BRUSSELS (AP) -- The European Union's executive arm is certain to upset several of its 27 member states as it is seeking 11.2 billion euros ($14.4 billion) in additional funding, mainly to pay outstanding bills from last year.
Britain, France, Italy, and others will have to find more than a billion euros each at a time when they are trying to trim high deficits through spending cuts or tax raises and their economies are struggling.
The European Commission, the bloc's executive arm, said Wednesday that, in addition to its 2013 budget of 133 billion euros ($170 billion), it needs 9 billion euros to meet obligations funding projects in Europe's less developed economic areas. It needs another 2.2 billion euros for other expenses, excluding administrative costs, which are set to stay flat.
The EU's members must approve the budget by qualified majority. They pay a share of the budget according to their economic strength. If the amended budget is passed, Germany will face an additional bill of 2.2 billion euros, France 1.7 billion euros, Britain 1.6 billion euros, and Italy 1.3 billion euros.
The financial burden might ultimately be somewhat lower because most of the additional EU funds will pay or co-finance projects in the member states. But the money often goes to local entities there, with the central government on the hook to pay Brussels' budget.

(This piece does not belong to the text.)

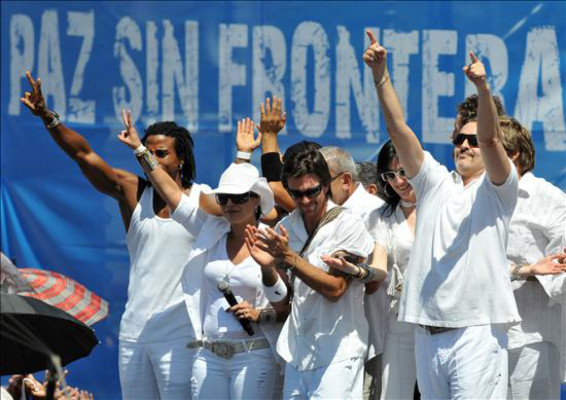 Juanes canta por la paz entre Cuba y EUA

The European Commission and the European Parliament are adamant about the need for the additional financing, insisting it's not about expanding the EU's coffers but about honoring the bloc's payments for previously approved projects.
"You order a meal in a restaurant knowing its price, you eat it, then you complain when the bill arrives?" the EU Budget Commissioner's spokesman, Patrizio Fiorilli, wrote in a post on Twitter.
By law, the EU is not allowed to run a deficit. The initial budget shortfall of 2012 was estimated to total 16 billion euros but shifting funds between budget years brought the figure down to about 11 billion euros, according to the latest estimates. The extra funds would just barely put it back in the black.
The EU Parliament is threatening to hold up the bloc's entire 960 billion euros ($1.3 trillion) budget for the years 2014-2020 unless member states accept to pay the outstanding bills.
"At a time when the EU is suffering from a credibility deficit, no one would take us seriously if we were to decide on the budget for the next seven years without being able to pay the bills for the current year," said Alain Lamassoure, Chairman of the European Parliament's Budget Committee of the center-right majority caucus.
The EU's multi-annual budget was hammered out in a round-the-clock summit of the EU's 27 leaders. It foresees the first spending cuts in the bloc' history. The European Parliament has overwhelmingly rejected the proposal and said it wouldn't start negotiations before last year's bills will be paid for.